Article Text
Abstract
Background By overexpressing anti-phagocytic surface proteins, often known as "don't eat me" signals, cancer cells can evade macrophage-mediated elimination. Therapeutic antibodies targeting “don't eat me” protein, such as CD47, demonstrates promising anti-tumor efficacy in preclinical models and in clinic. However, the clinical development of anti-CD47 mAbs that retain substantial FcR activating capacity (e.g. human IgG1) has been hampered by the on-target-off-tumor toxicity, such as erythrocyte depletion.1 CD24, a GPI-anchored, highly glycosylated surface protein interacting with Siglec-10 on innate immune cells, was reported to be a novel “don't eat me” protein. CD24 is over-expressed in multiple tumor types. Knock-out of CD24 or blockade of CD24/Siglec-10 interaction enhances macrophage-mediated phagocytosis of tumor cells.2 In this study, we developed a first-in-class, humanized anti-CD24 antibody, ATG-031. The in vitro and in vivo anti-tumor activity of ATG-031 was evaluated in preclinical models.

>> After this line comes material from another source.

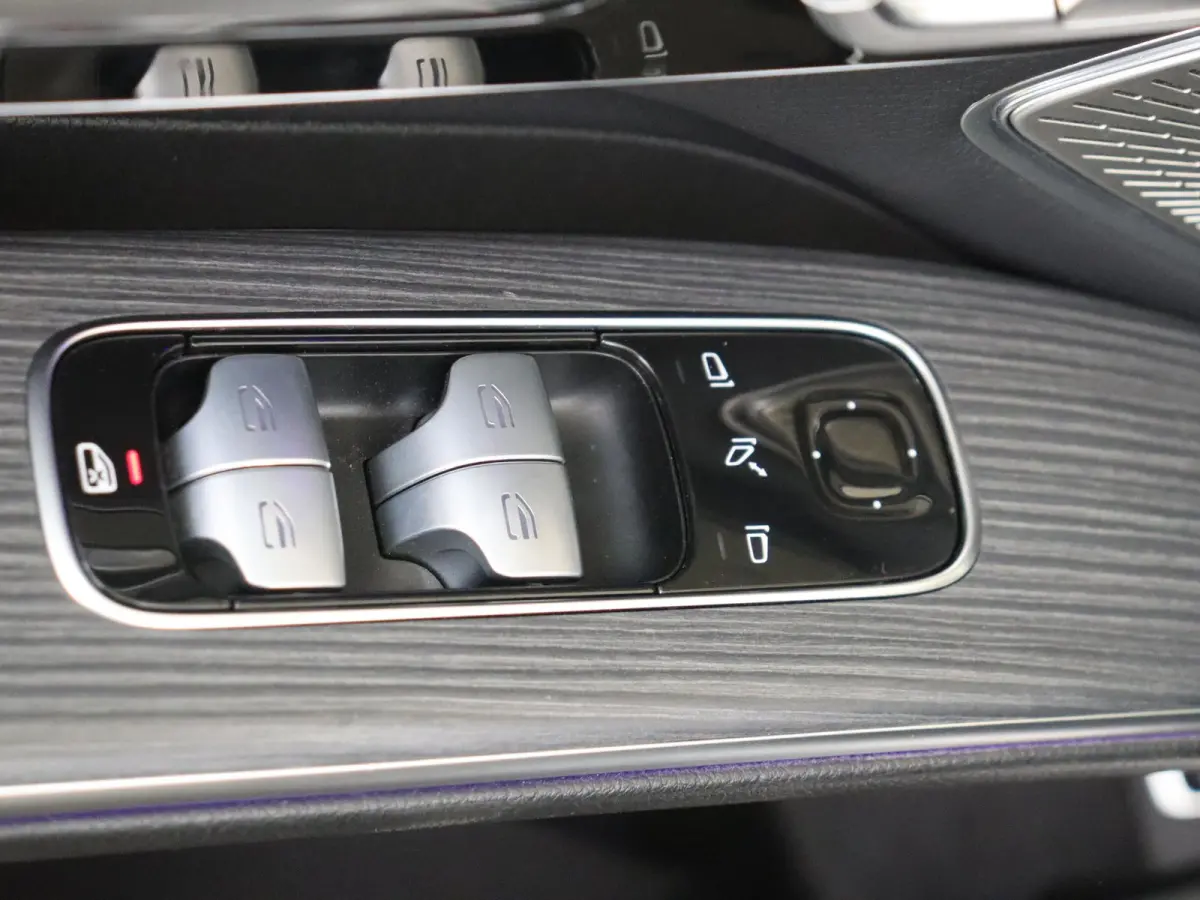 450+ AMG Line 7p 108 kWh / Panoramadak/ HYPERSCREEN/ 21 inch/ Burmester 3D/ Nappa/ El. Trekhaak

Methods The affinity of ATG-031 was measured using Surface Plasmon Resonance (SPR). Cell-based binding to HEK293, HEK293-CD24, human red blood cell (hRBC) and a panel of tumor cells was evaluated by flow cytometry. The ability of ATG-031 in enhancing macrophage-mediated phagocytosis of tumor cells was evaluated using human monocyte-derived M2 macrophage. in vivo efficacy of ATG-031 was test in mouse bearing MC38 murine syngeneic colorectal cancer cells stable-expressing human CD24 (MC38-hCD24). Expression profile of CD24 in human tumor and normal tissues were analyzed using TCGA/GTEx database or using an in-house developed companion diagnostic antibody on tissue microarray (TMA) by IHC staining.
Results CD24 is overexpressed in multiple types of solid tumors and hematological malignancies. ATG-031 specifically binds to human CD24 with a single-digit nM affinity. ATG-031 potently binds to CD24-postive tumor cells, while showed no binding with parental HEK293 cells or hRBC. ATG-031 blocks the interaction between CD24 and Siglec-10 and induced potent macrophage-dependent tumor cell phagocytosis (figure 1A, B). Upon phagocytosis, M2 macrophages start to release M1-like cytokines suggesting a repolarization from M2 to M1. ATG-031 significantly inhibited in vivo tumor growth in MC38-hCD24 mouse model. A dose of 3mg/kg ATG-031 administered biweekly induced tumor regression (figure 1C).
Conclusions Blocking CD24 by ATG-031 enhances macrophage-mediated phagocytosis of cancer cells, and polarized M2 macrophage towards anti-tumor M1 subtype (figure 2). It demonstrates potent in vivo anti-tumor tumor efficacy, suggesting promising therapeutic strategies against a broad range of solid tumor or hematological malignancies, which warrants further clinical investigation. A clinical study to investigate the safety and efficacy of ATG-031 in cancer patients is being developed.
References
Logtenberg MEW, Scheeren FA, Schumacher TN. The CD47-SIRPα Immune Checkpoint. Immunity. 2020 May 19;52(5):742–752
Barkal AA, Brewer RE, Markovic M, Kowarsky M, Barkal SA, Zaro BW, Krishnan V, Hatakeyama J, Dorigo O, Barkal LJ, Weissman IL. CD24 signalling through macrophage Siglec-10 is a target for cancer immunotherapy. Nature. 2019 Aug;572(7769):392–396.
Ethics Approval This study was performed in strict accordance with institutional guidelines and approved by the Institutional Animal Care and Use Committee of the Shanghai Model Organisms Center, Inc. and the IACUC permit number was 2019-0011.